The character of Sir Timothy Treat-all is a caricature of the first Earl of Shaftesbury, a founder of the Whig party who had been arrested for high treason in 1681.

It was staged at the Dorset Garden Theatre by the Duke's Company. The original cast included James Nokes as Sir Timothy Treatall, Thomas Betterton as Tom Wilding, Anthony Leigh as Sir Anthony Meriwill, Joseph Williams as Sir Charles Meriwill, John Bowman as Dreswell, Thomas Jevon as Fopington, Elizabeth Barry as Lady Galliard, Charlotte Butler as Charlotte, Elizabeth Currer as Diana and Elinor Leigh as Mrs Closet.

== Plot ==
The play concerns the "seditious knight" Sir Timothy Treat-all and his rakish Tory nephew Tom Wilding. Both vie for the affections of Charlot, the eponymous city (London) heiress. Treat-all keeps an open house for all of those who oppose the king, and he has disinherited Wilding.

Wilding launches a complex scheme to triumph over Treat-all. First, he introduces Diana (his mistress) to Treat-all as Charlot, allowing Treat-all to woo her. This allows him to court the real Charlot himself. Diana cares for Wilding, but after seeing him pursue both Charlot and Lady Galliard, she decides to make an advantageous marriage with the wealthy Treat-all.

During a staged entertainment, Wilding assumes a disguise and pretends to be a Polish nobleman. He offers Treat-all the throne of Poland, which the greedy Treat-all accepts. Wilding then arranges for a burglary, where he and Treat-all both end up bound, and the burglars take all of Treat-all's papers. The burglars are Wilding's confidants, and the papers contain evidence of Treat-all's treason.
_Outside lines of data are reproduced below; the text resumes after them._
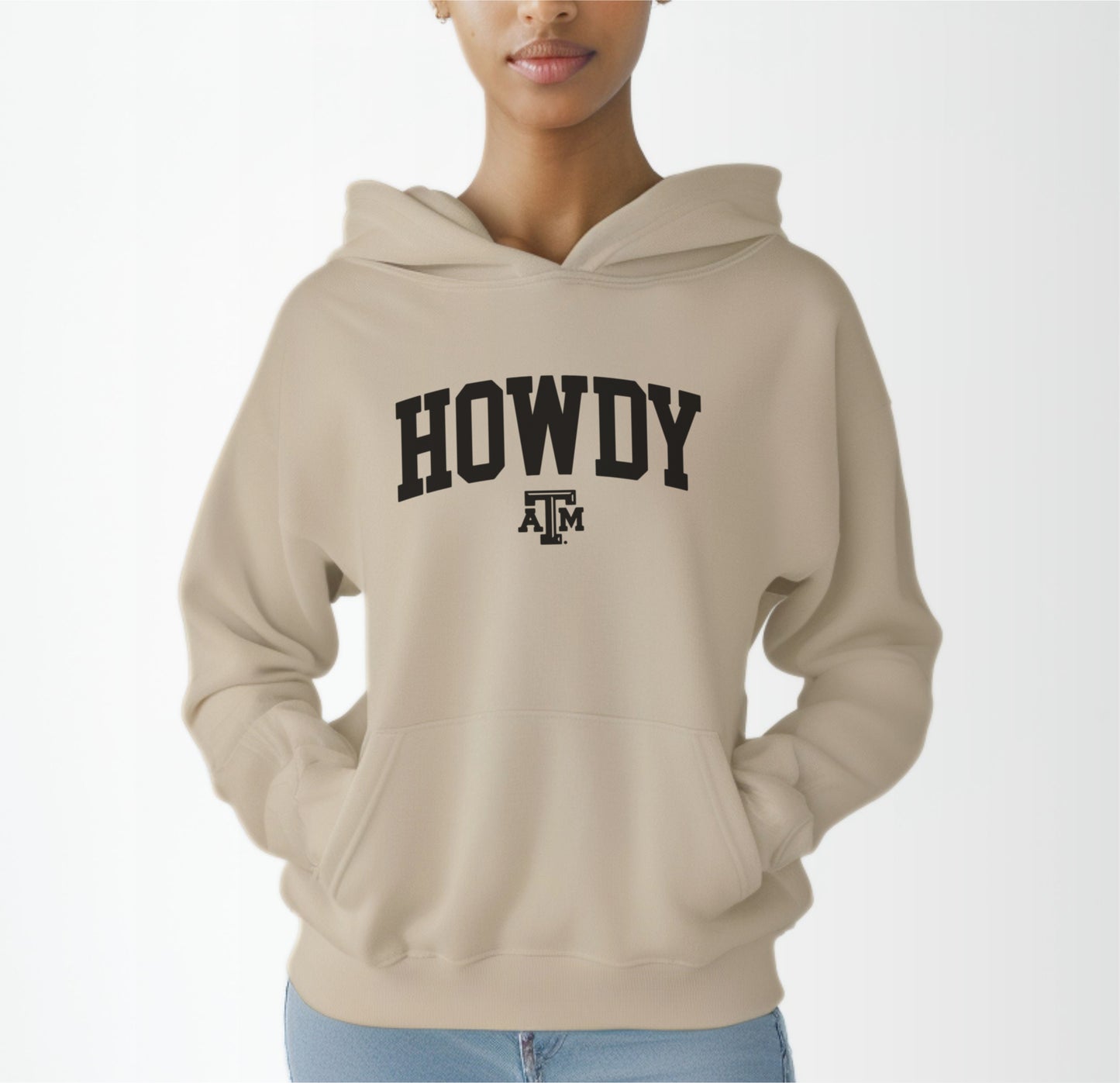 A model wears the Sand Adult Unisex Texas A&M Howdy Varsity Hooded Sweatshirt.  The ﻿Texas A&M Howdy Varsity﻿ graphic is in bold Black in a Collegiate style.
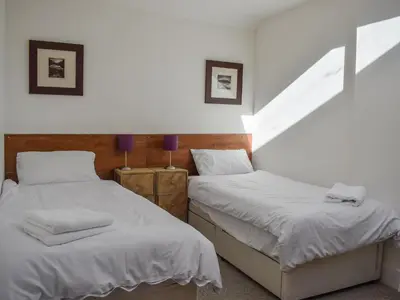 two beds in a room with white sheets at Daisybank Cottage in Crieff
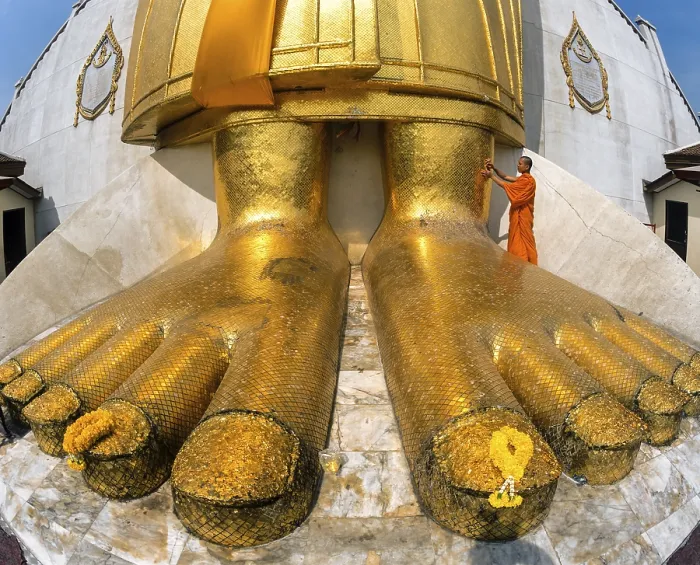 Framed Print : Monk praying at the feet of the golden Buddha statue of Wat Intharawihan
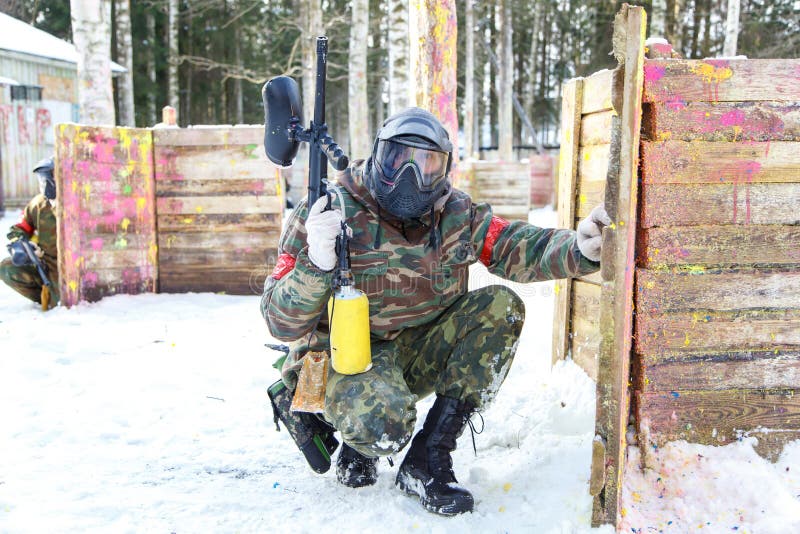 Cool Paintball in Winter. Two Shooters Behind Fortifications. Stock Photo Image of paintball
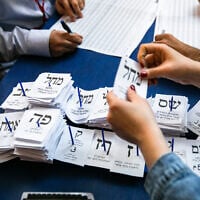 Illustrative: Ballots are counted at the Knesset in Jerusalem, a day after the general elections, March 4, 2020. (Olivier Fitoussi/Flash90)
Wilding ends up marrying Charlot, and Treat-all marries Diana. However, Treat-all is forced by blackmail to treat Wilding well and to leave him his estates. (((

In a sub-plot, Wilding successfully seduces the rich widow Lady Galliard. Shortly afterwards, one of her drunken former suitors (Sir Charles) breaks into her chamber and begins to undress. In order to get rid of him (and thinking that he will not remember their conversation), she agrees to marry him. She is then shocked to discover that two other people have overheard her make a legally binding promise of marriage.

== Reception ==
Contemporaries singled out The City Heiress as one of Behn's "good" and lucrative comedies, although few modern critics have discussed it at length.

The City Heiress was one of Behn's plays singled out by satirists for scorn. Referring to the epilogue, Robert Gould sarcastically asked,

"The City Heiress, by chast Sappho Writ:
Where the Lewd Widow comes, with brazen Face,
Just reeking from a Stallion's rank Embrace
T'acquaint the Audience with her Filthy Case.
Where can you find a Scene for juster Praise,
In Shakespear, Johnson, or in Fletcher's Plays?" -- The Play-House, a Satyr

Behn's play has been called "a comedy of libertine complicity: her characters act as though they believed in order, authority, true love, and marriage even though they celebrate for the better part of five acts their license to disbelieve".

Other Restoration comedies were as frank with their sexuality, and others had women choosing their lovers on the basis of their wit (while wits choose theirs on the basis of money), but Behn's characters do not moderate their desires in their comedic solutions. Further, Treat-all's punishment is poverty and subjugation, rather than being hanged; and Wilding's goal is luxury, rather than moral justice. The distinctions are subtle, but it was not merely Behn's sex that made the play offensive to moralizing poets of the 1690s and the first decade of the 18th century.